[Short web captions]

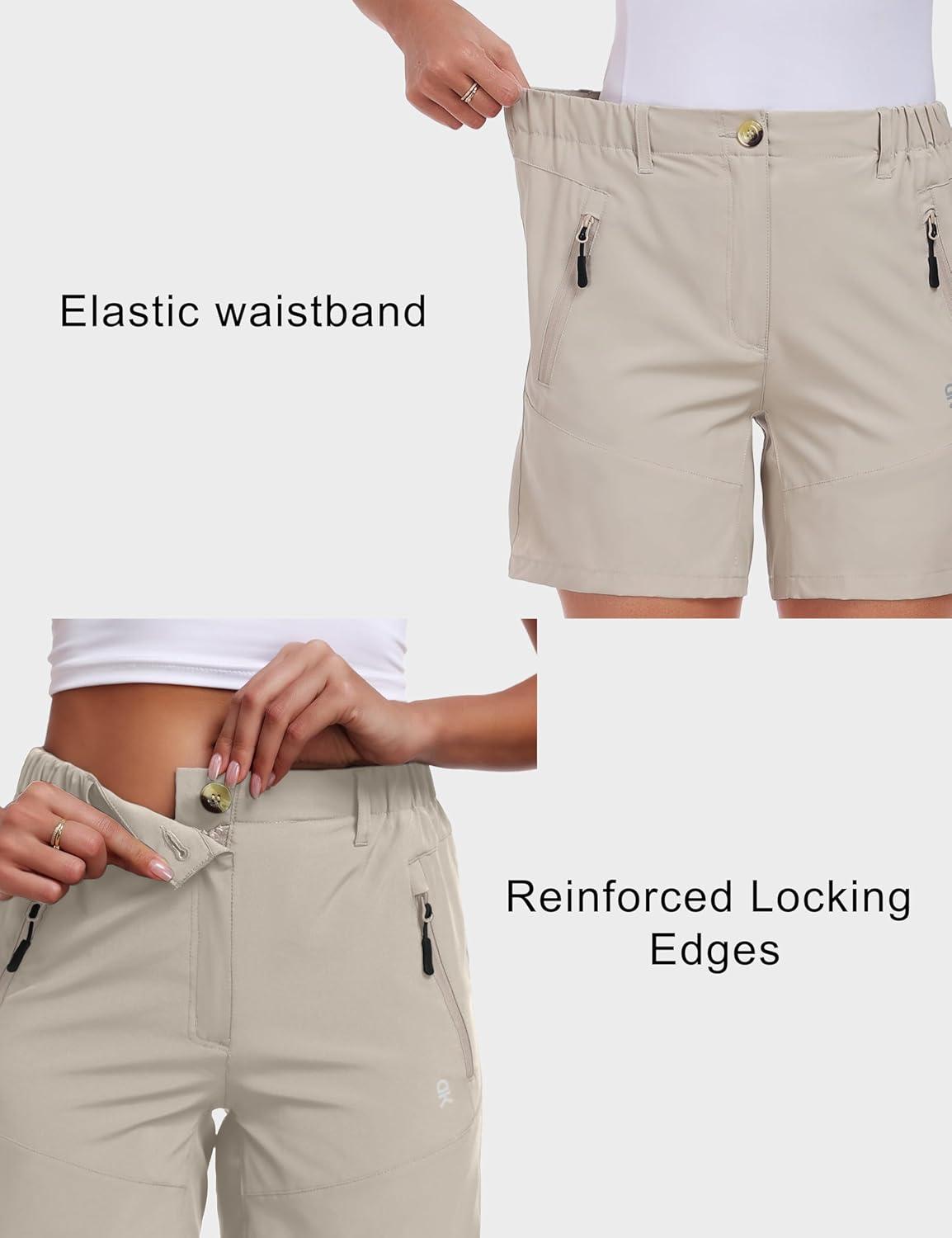 imageLittle Donkey Andy Womens Quick Dry Lightweight Stretch Shorts Outdoor Short Active Hiking GolfC Khaki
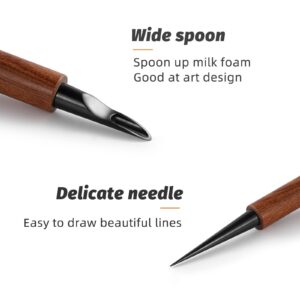 MHW-3BOMBER Latte Art Pen for Barista, Rosewood Coffee Art Pen for Latte/Cappuccino/Macchiato, Espresso Art Tool, CN5400R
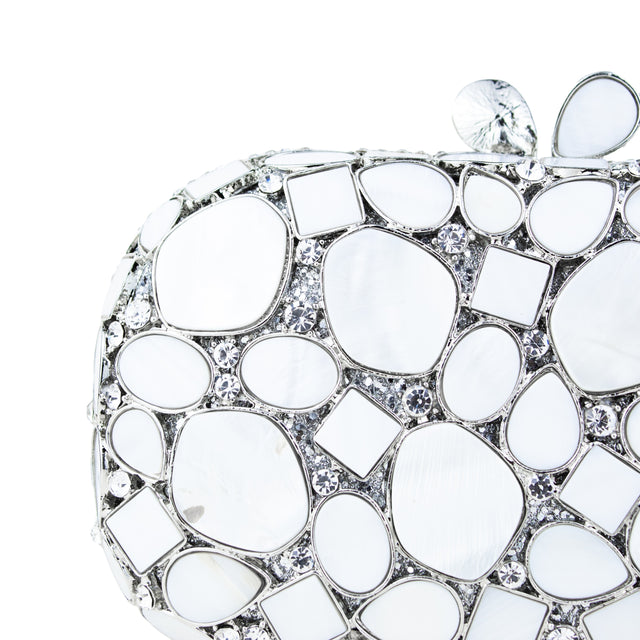 White Studded Crystal Work Metallic Frame Beautiful Deep Colour Handbags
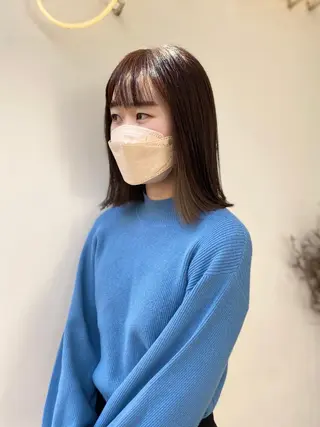 ミディアム カラー オリーブ/アッシュ やわらか透明感カラーのヘアスタイル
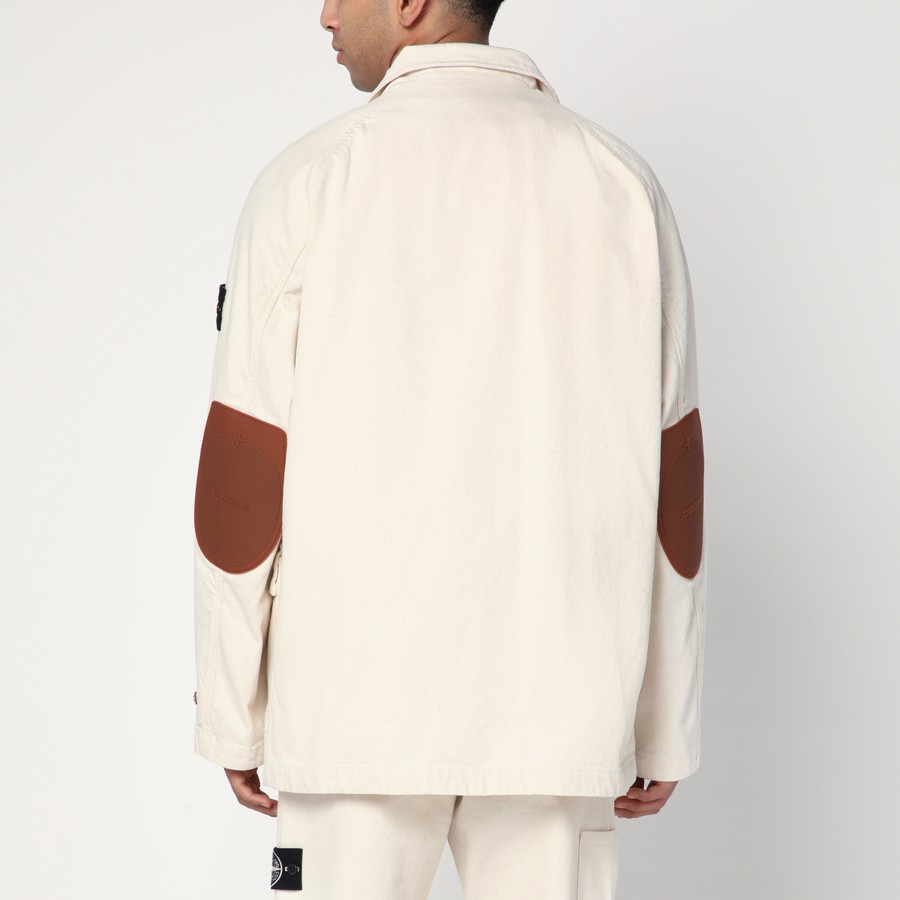 パーカー・フーディ STONE  IVORY PARKA IN COTTON Stone Island Ivory parka in cotton | TheDoubleF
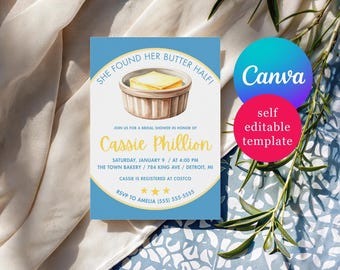 Butter Themed Bridal Shower Invitation, She Found Her Butter Half! Bridal Shower invitation, Canva Template, Baking, Cooking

WHAT TO DO | Your answer must be an exact copy of the lines from the line with "cotton | TheDoubleF" to the final line of the data, both ends included, and no pictures.

EXERCISE SOLUTION |
 パーカー・フーディ STONE  IVORY PARKA IN COTTON Stone Island Ivory parka in cotton | TheDoubleF
 Butter Themed Bridal Shower Invitation, She Found Her Butter Half! Bridal Shower invitation, Canva Template, Baking, Cooking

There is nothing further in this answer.